Professor Emeritus Bryan H. Wildenthal has added another accolade to his roster of scholarly accomplishments. In a concurrence filed on Wednesday, U.S. Supreme Court Justice Neil Gorsuch cited a law review article authored by Professor Wildenthal. This is a tremendous mark of distinction.
On February 20th, the U.S. Supreme Court ruled that the 8th Amendment right not to be subject to "excessive fines" applies not only to the federal government but is also "incorporated" via the 14th Amendment so as to apply to state and local governments as well. The Court thus remanded for further proceedings the case, Timbs v. Indiana, in which the state sought to forfeit a man's vehicle worth $42,000, for a drug offense for which the maximum fine was $10,000.

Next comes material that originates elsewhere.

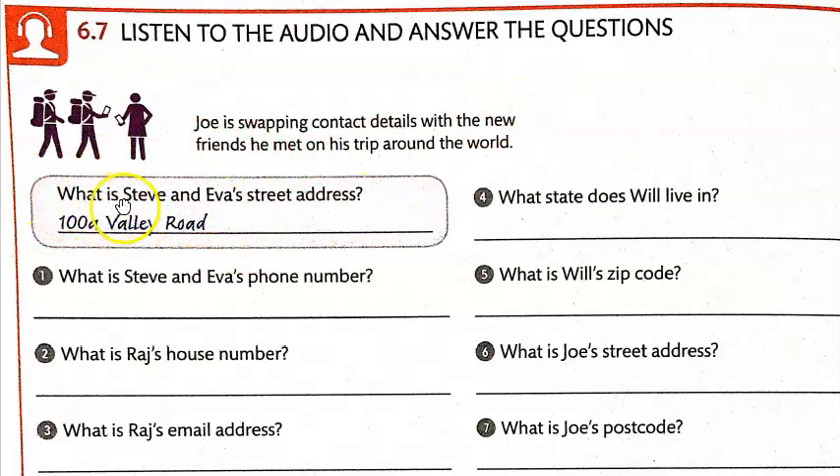For example, the question is: what is Steve and Emma's — or Eva's — street address? The answer is 100a Valley Road. You're just writing the information; you're not expected to write a complete sentence, though it would be good practice. You might have to write it down quickly, so no problem. Go ahead and number your paper one through seven.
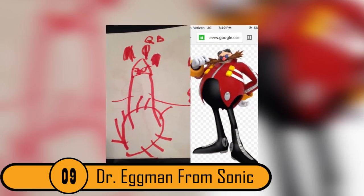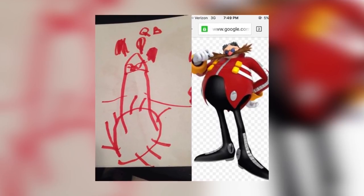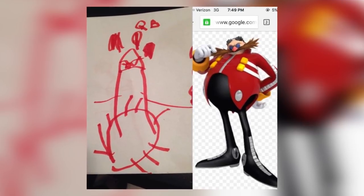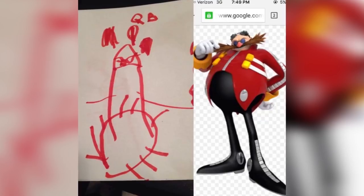9. Dr. Eggman from Sonic. The 5-year-old child who drew this picture decided to draw a picture of Dr. Eggman. While he got the color red right, he missed the mark on the shape of the body. Rather than making it look like a man, it looks more like a large penis.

The Court's decision was unanimous, with Justice Ruth Bader Ginsburg writing for the Court. (Justice Clarence Thomas concurred only in the judgment.) Justice Neil Gorsuch joined Ginsburg's opinion, but he also filed a brief concurrence in which he cited a 2007 Ohio State Law Journal article by Professor Wildenthal, who is a visiting professor at the law school this year. In the 2007 article, Professor Wildenthal argued that the entire Bill of Rights is "nationalized" by the 14th Amendment and thus applicable to the states. The article is available here:
This is the second occasion on which Professor Wildenthal's 2007 article has been cited by the U.S. Supreme Court. It was cited multiple times, in both the opinion of the Court, and in a concurring opinion, in McDonald v. Chicago (2010), the last case to involve the 14th Amendment Bill of Rights "incorporation" issue. (McDonald concerned the 2nd Amendment right to bear arms).
Please congratulate Professor Wildenthal when you see him. We are lucky to have him as a member of our community.